• **Work instructions**
Exactly repeat all the records below, omitting the images they hold.

• **Task inputs**
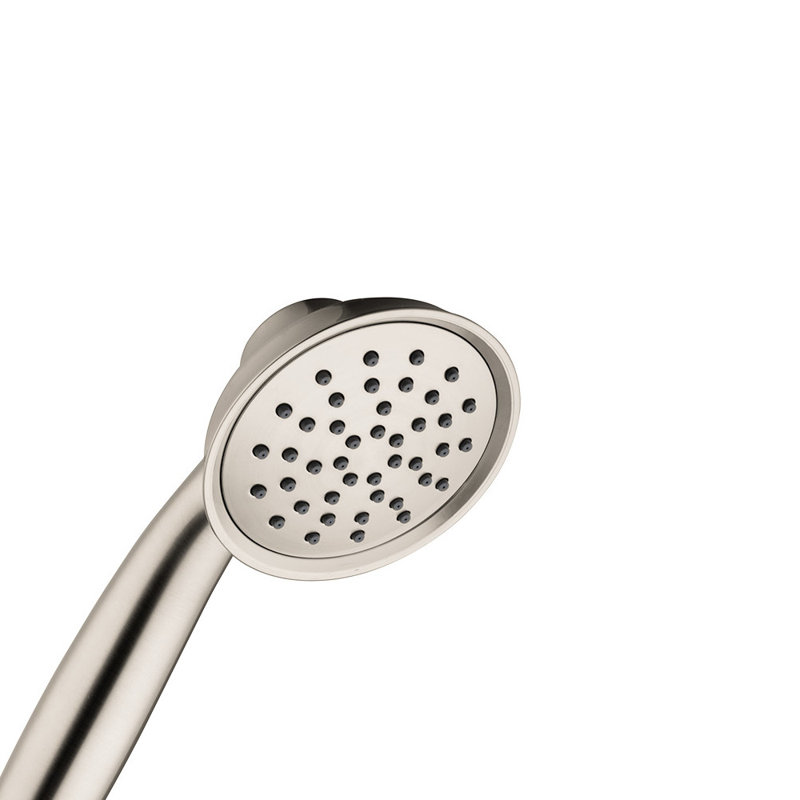 Joleena Full Handheld Shower Head, Brushed Nickel, 1.7 GPM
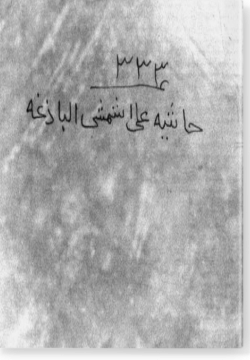 аль-Хашия галя-ш-Шамс аль-базига. الحاشية على الشمس البازغة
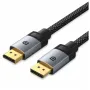 Cable DisplayPort 2.1 16K Vention HGBHI/ DisplayPort Macho - DisplayPort Macho/ 3m/ Gris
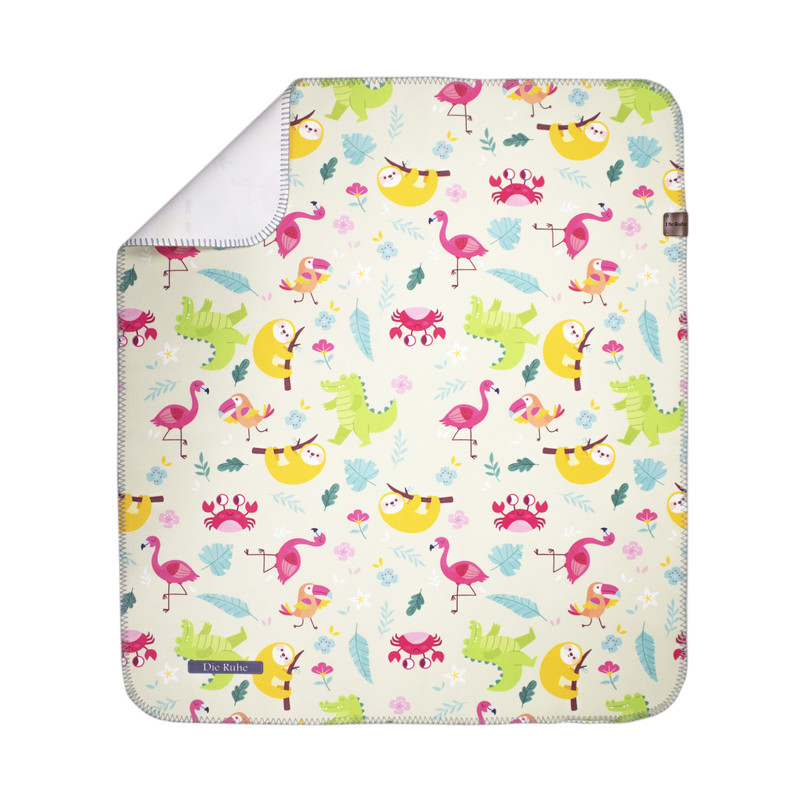 زیرانداز تعویض نوزاد دی روحه مدل فلامینگو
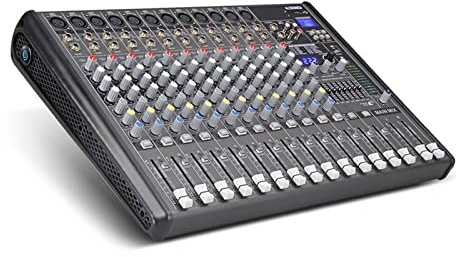 DJ Mixer, Professional PRO 12 Channel With 256 DSP Sound Effects Studio Mixer - DJ Sound Controller Interface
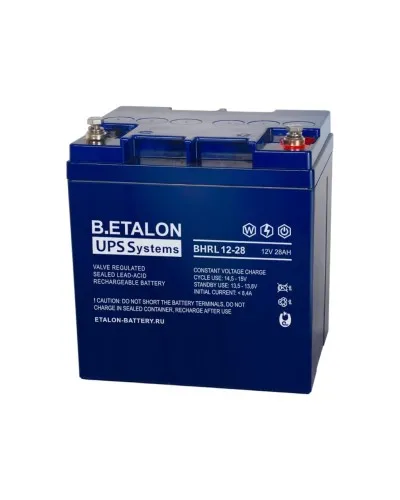 B.ETALON BHRL 12-28. Аккумулятор герметичный свинцово-кислотный. ETALON в Санкт-Петербурге
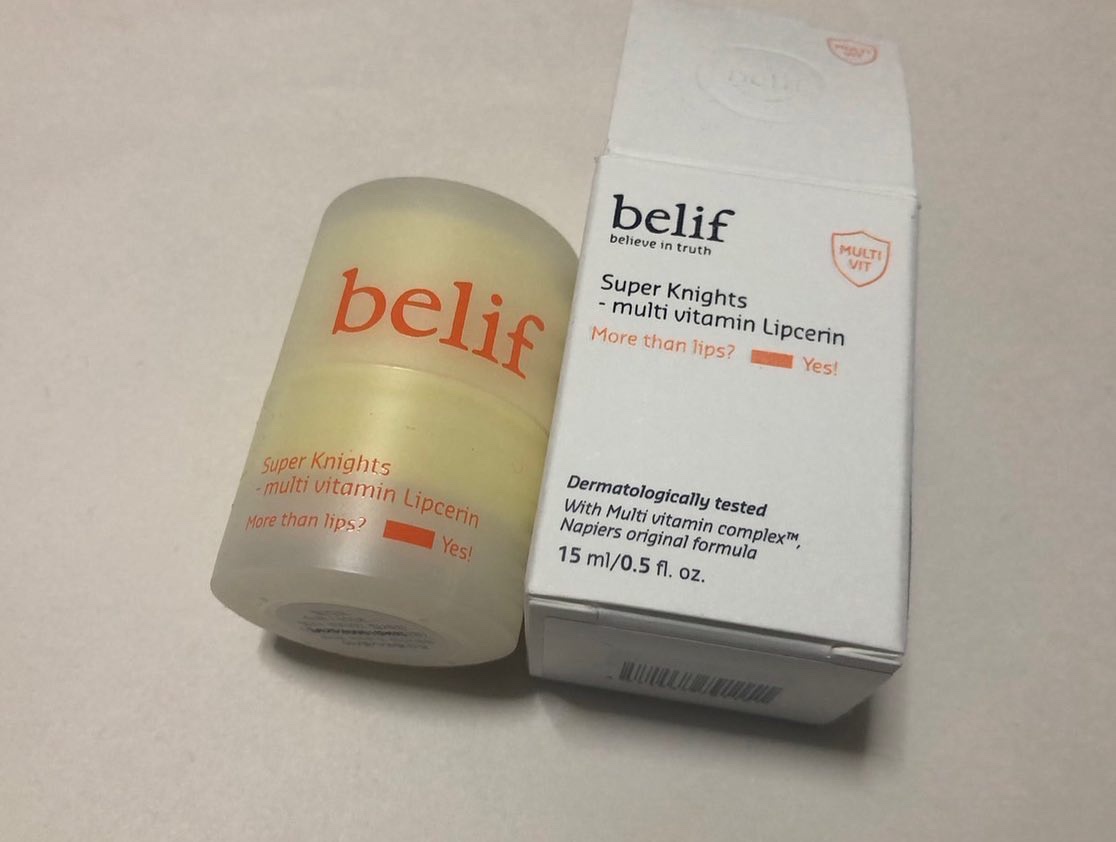 スーパーナイツ マルチ Ｖ リップセリン /belif/リップクリームを使ったクチコミ（1枚目）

• **Answer for this exercise**
 Joleena Full Handheld Shower Head, Brushed Nickel, 1.7 GPM
 аль-Хашия галя-ш-Шамс аль-базига. الحاشية على الشمس البازغة
 Cable DisplayPort 2.1 16K Vention HGBHI/ DisplayPort Macho - DisplayPort Macho/ 3m/ Gris
 زیرانداز تعویض نوزاد دی روحه مدل فلامینگو
 DJ Mixer, Professional PRO 12 Channel With 256 DSP Sound Effects Studio Mixer - DJ Sound Controller Interface
 B.ETALON BHRL 12-28. Аккумулятор герметичный свинцово-кислотный. ETALON в Санкт-Петербурге
 スーパーナイツ マルチ Ｖ リップセリン /belif/リップクリームを使ったクチコミ（1枚目）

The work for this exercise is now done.